Assistant U.S. Attorney James Spertus said the sting, the first phase in an investigation dubbed Operation Decrypt, stems from what he estimates is the largest undercover investigation of satellite theft devices to take place in the United States.
Debra Yang, U.S. attorney for the district that includes Los Angeles, said the investigation netted 17 prominent individuals in the hacking community, a group suspected of causing millions of dollars in losses to companies such as Dish Network and El Segundo-based DirecTV.
To those who crack "smart card" and other access technology, the charges should send a message that "we've infiltrated your community, and we are committed" to fighting signal theft, Yang said.
Randyl Walter, a 43-year-old West Los Angeles resident arrested in the crackdown, pleaded guilty in December to manufacturing satellite signal decryption devices and admitted causing nearly $14.9 million in losses to satellite companies, according to prosecutors.
Thomas Emerick, 33, of Ontario, pleaded guilty in December to distributing decryption devices and reprogramming smart cards and admitted causing $70,000 in losses to satellite companies, Yang said.
Still faing charges are:
Edward Vanderziel, 35, of Ontario, who was indicted Jan. 23 on charges of conspiracy, manufacturing signal theft devices and violating the Digital Millennium Copyright Act
- Stephen Thornton, 36, of Redondo Beach, who has, according to authorities agreed to plead guilty to developing satellite signal theft devices by writing software to circumvent smart card technology. He is charged in a criminal information filed Tuesday, according to the FBI
- Robert Walton, 37, of Temple City. Walton, also known as "GizmoBob," was arrested Tuesday morning on charges of conspiracy and manufacturing satellite signal devices. He was indicted Jan. 23, according to the FBI
- Linh Ly, 38, of Rosemead, who, prosecutors say, has agreed to plead guilty to violating the Digital Millennium Copyright Act and distributing decryption software that caused a loss of $561,507
- Richard Seamans, 52, of Chino Hills, who was indicted Jan. 30 on charges of violating the DMCA and distributing decryption devices
- Joseph Bolosky, 30, of Panorama City, who has agreed to plead guilty to charges of manufacturing decryption devices and has stipulated a loss amount of $245,472, according to the U.S. Attorney's Office.
Nine others, including residents of Kentucky, Ohio, Texas, Florida, Indiana and North Carolina, have also been charged, authorities said.

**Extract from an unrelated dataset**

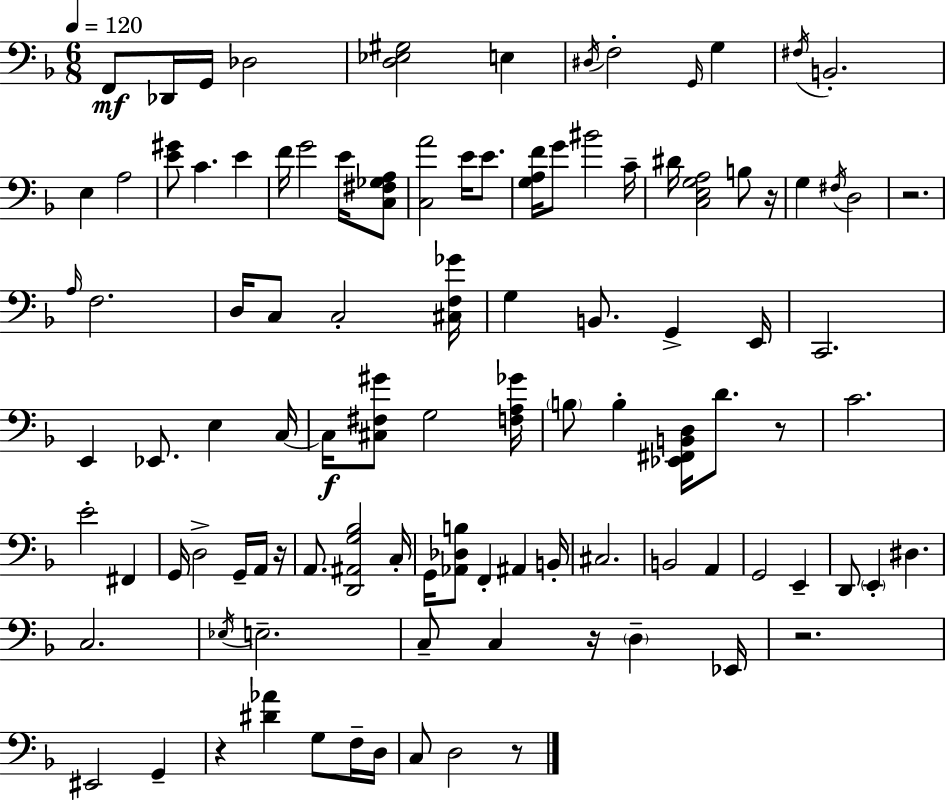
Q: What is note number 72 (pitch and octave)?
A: C3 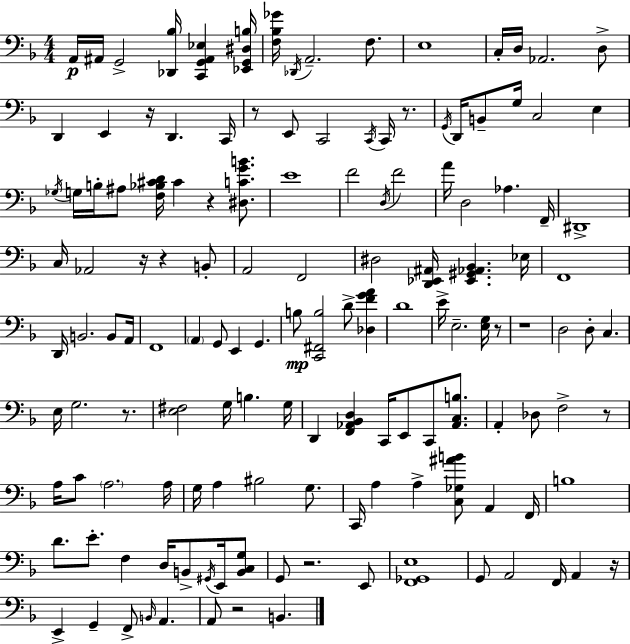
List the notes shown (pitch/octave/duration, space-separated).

A2/s A#2/s G2/h [Db2,Bb3]/s [C2,G2,A#2,Eb3]/q [Eb2,G2,D#3,B3]/s [F3,Bb3,Gb4]/s Db2/s A2/h. F3/e. E3/w C3/s D3/s Ab2/h. D3/e D2/q E2/q R/s D2/q. C2/s R/e E2/e C2/h C2/s C2/s R/e. G2/s D2/s B2/e G3/s C3/h E3/q Gb3/s G3/s B3/s A#3/e [F3,Bb3,C#4,D4]/s C#4/q R/q [D#3,C4,G4,B4]/e. E4/w F4/h D3/s F4/h A4/s D3/h Ab3/q. F2/s D#2/w C3/s Ab2/h R/s R/q B2/e A2/h F2/h D#3/h [D2,Eb2,A#2]/s [Eb2,G#2,Ab2,Bb2]/q. Eb3/s F2/w D2/s B2/h. B2/e A2/s F2/w A2/q G2/e E2/q G2/q. B3/e [C2,F#2,B3]/h D4/e [Db3,F4,G4,A4]/q D4/w E4/s E3/h. [E3,G3]/s R/e R/w D3/h D3/e C3/q. E3/s G3/h. R/e. [E3,F#3]/h G3/s B3/q. G3/s D2/q [F2,Ab2,Bb2,D3]/q C2/s E2/e C2/e [Ab2,C3,B3]/e. A2/q Db3/e F3/h R/e A3/s C4/e A3/h. A3/s G3/s A3/q BIS3/h G3/e. C2/s A3/q A3/q [C3,Gb3,A#4,B4]/e A2/q F2/s B3/w D4/e. E4/e. F3/q D3/s B2/e G#2/s E2/s [B2,C3,G3]/e G2/e R/h. E2/e [F2,Gb2,E3]/w G2/e A2/h F2/s A2/q R/s E2/q G2/q F2/e B2/s A2/q. A2/e R/h B2/q. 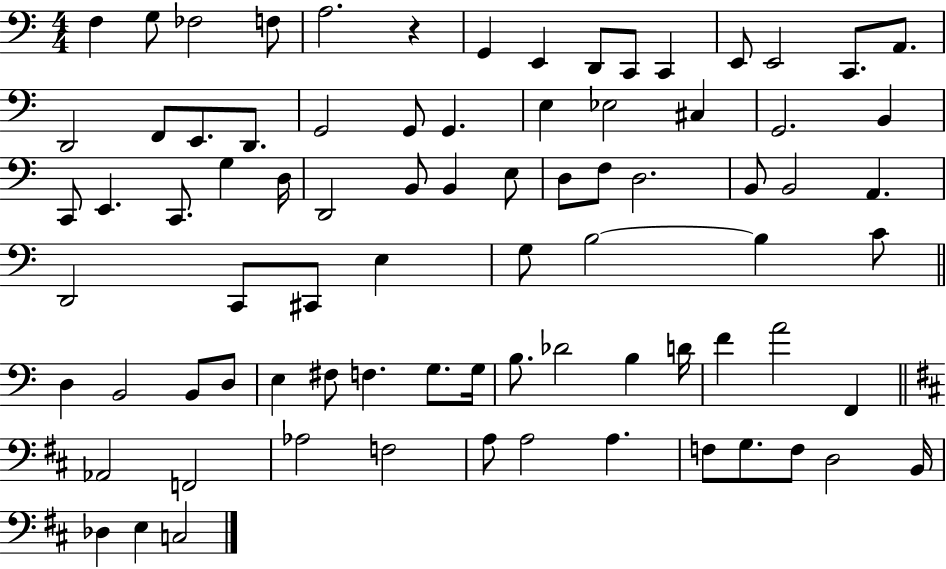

If convicted, each defendant faces up to five years in prison per count, along with a fine of up to $250,000 or $500,000 per count.
Ronald Iden, the FBI's assistant director in Los Angeles, said the case is an example of how law enforcement has "retooled" to deal with cybercrime.
He said hacking and theft of intellectual property threatens businesses and the economy.